- _The task_
Exclude the pictures and repeat all of the data exactly.

- _Data extract_
------------------------------
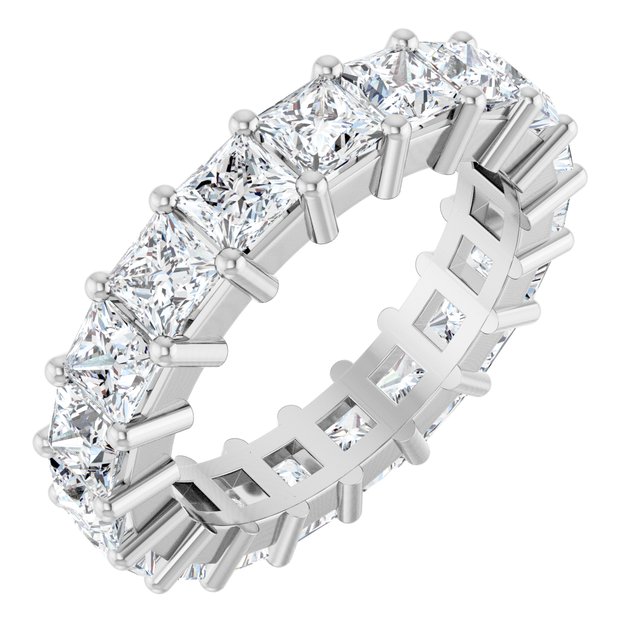 4 3/4 CTW Lab-Grown Diamond Eternity Band, Shared-Prong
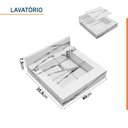 Ver mais imagens de Conjunto Completo para Banheiro Club Kit 40cm Branco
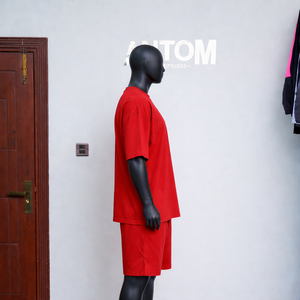 Nueva Camiseta de Manga Corta para Hombre, de Spandex/Algodón, Lisa, Conjunto de 2 Piezas, con Logotipo Personalizado, Estilo Hip Hop, Talla Grande, Casual de Verano - Product Image 6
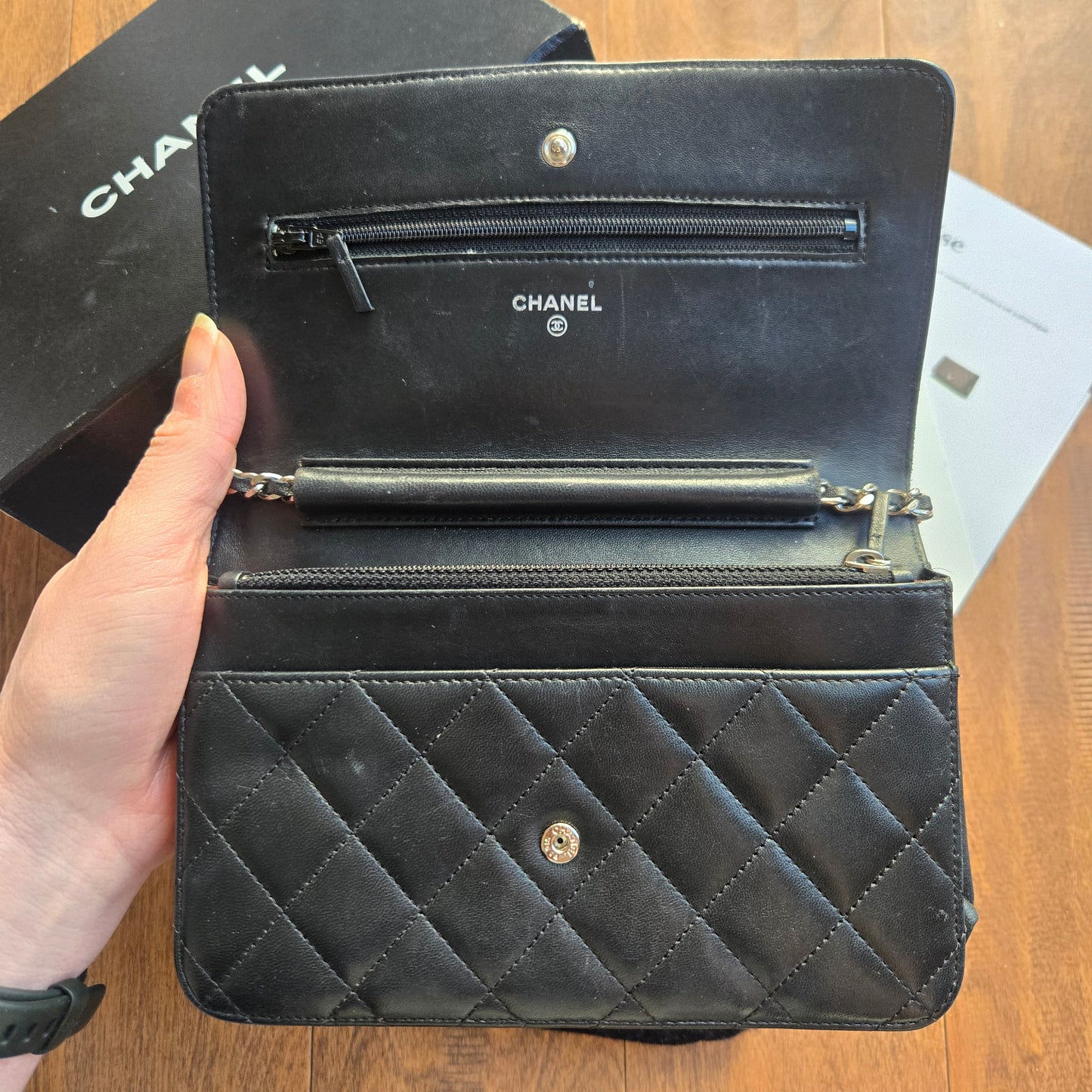 Chanel Wallet On Chain Lambskin Leather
------------------------------
- _Answer to this exercise_
 4 3/4 CTW Lab-Grown Diamond Eternity Band, Shared-Prong
 Ver mais imagens de Conjunto Completo para Banheiro Club Kit 40cm Branco
 Nueva Camiseta de Manga Corta para Hombre, de Spandex/Algodón, Lisa, Conjunto de 2 Piezas, con Logotipo Personalizado, Estilo Hip Hop, Talla Grande, Casual de Verano - Product Image 6
 Chanel Wallet On Chain Lambskin Leather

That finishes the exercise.